▸ Your assignment: Beginning with the line that contains "Hotel Plaza Cavana Nerja", repeat each line exactly through the end of the listing below. Pictures stay out.

##### Available data

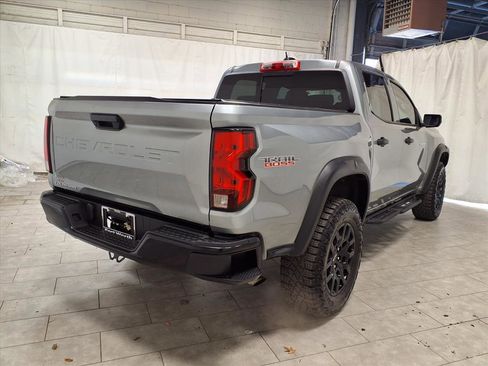 Used 2023 Chevrolet Colorado Trail Boss image 9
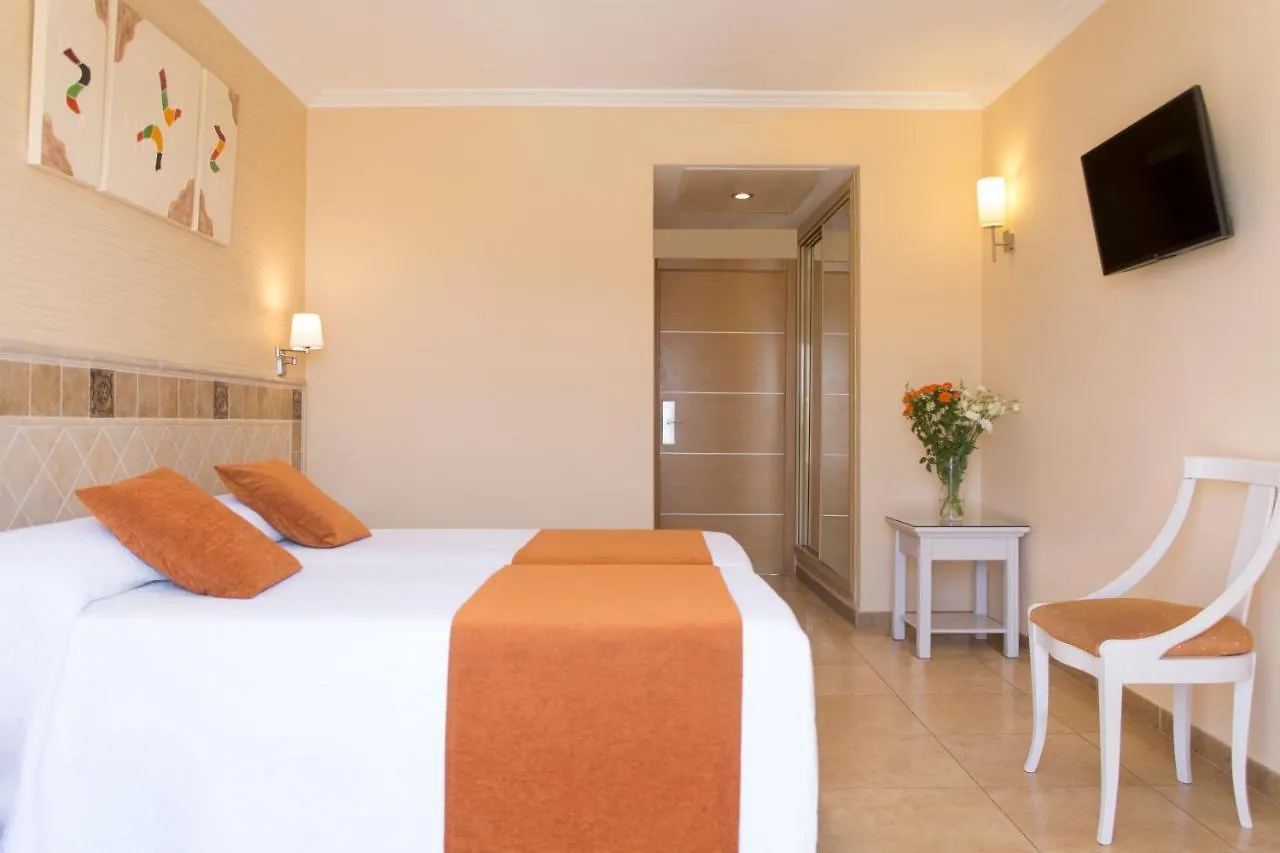 Hotel Plaza Cavana Nerja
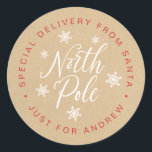 North Pole Speciell Delivery Kraft Brown Anpassnin Runt Klistermärke<br><div class="desc">Lägg till lite glädje i extra till helgdag och jul,  med personliger från tomten! De speciella klistermärkena är "Speciell Delivery from Santa Just for (child's namn)" i cirkulär text runt Nordpolen och vitt snöflingor i mitten och med en brunkolsbakgrund.</div>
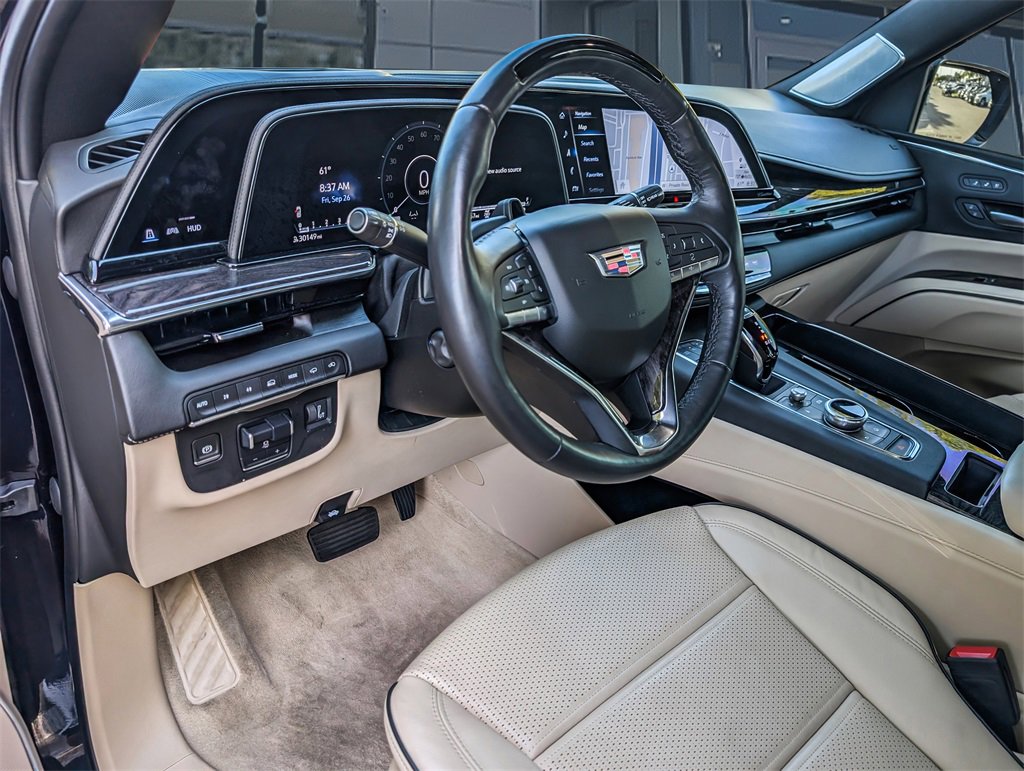 2023 Cadillac Escalade Premium Luxury photo 10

##########

▸ Exercise response:
 Hotel Plaza Cavana Nerja
 North Pole Speciell Delivery Kraft Brown Anpassnin Runt Klistermärke<br><div class="desc">Lägg till lite glädje i extra till helgdag och jul,  med personliger från tomten! De speciella klistermärkena är "Speciell Delivery from Santa Just for (child's namn)" i cirkulär text runt Nordpolen och vitt snöflingor i mitten och med en brunkolsbakgrund.</div>
 2023 Cadillac Escalade Premium Luxury photo 10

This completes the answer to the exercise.